The male speaker was a young man, respectably dressed and seated at a table, having a book before him. His handsome features glowed with pleasure, and his eyes kept impatiently wandering from the page to a small white hand over his shoulder. So, not to interrupt Hareton Earnshaw and Catherine Heathcliff, I went round to the kitchen, where my old friend Nelly Dean sat sewing and singing a song.
Mrs. Dean jumped to her feet as she recognised me. "Why, bless you, Mr.
Lockwood!" she exclaimed. "Pray step in! Have you walked from Gimmerton?"

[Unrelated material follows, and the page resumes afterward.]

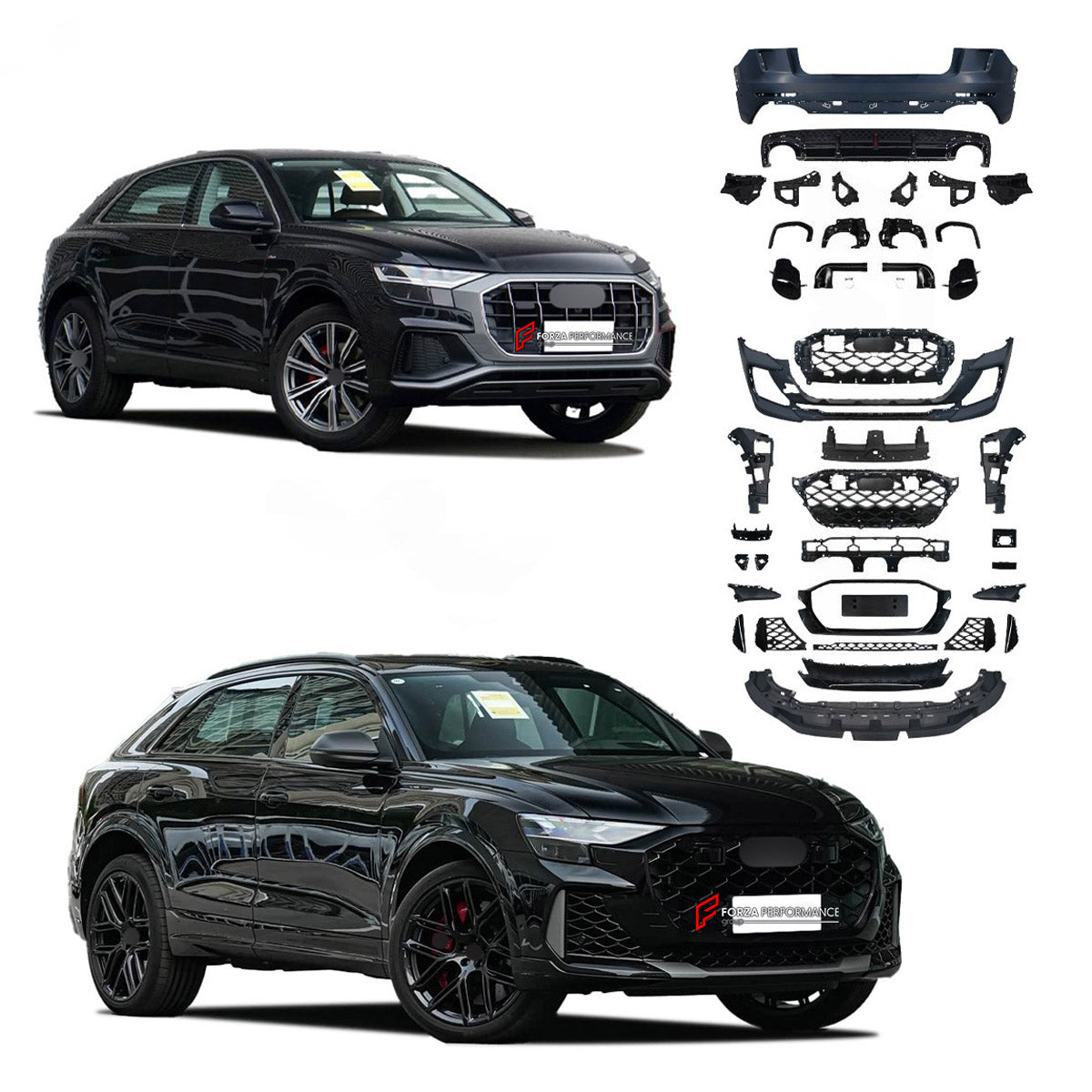 CONVERSION BODY KIT for AUDI Q8 4M FACELIFT 2024+ UPGRADE to AUDI RSQ8 4M FACELIFT 2024+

"No, from the Grange," I replied; "and while they make me a lodging room there I want to finish my business with your master."
"What business, sir?" said Nelly.
"About the rent," I answered.
"Oh, then it is Catherine you must settle with, or rather me, as she has not learned to arrange her affairs yet."
I looked surprised.
"Ah! You have not heard of Heathcliff's death, I see," she continued.
"Heathcliff dead!" I exclaimed. "How long ago?"
"Three months since; but sit down, and I'll tell you all about it."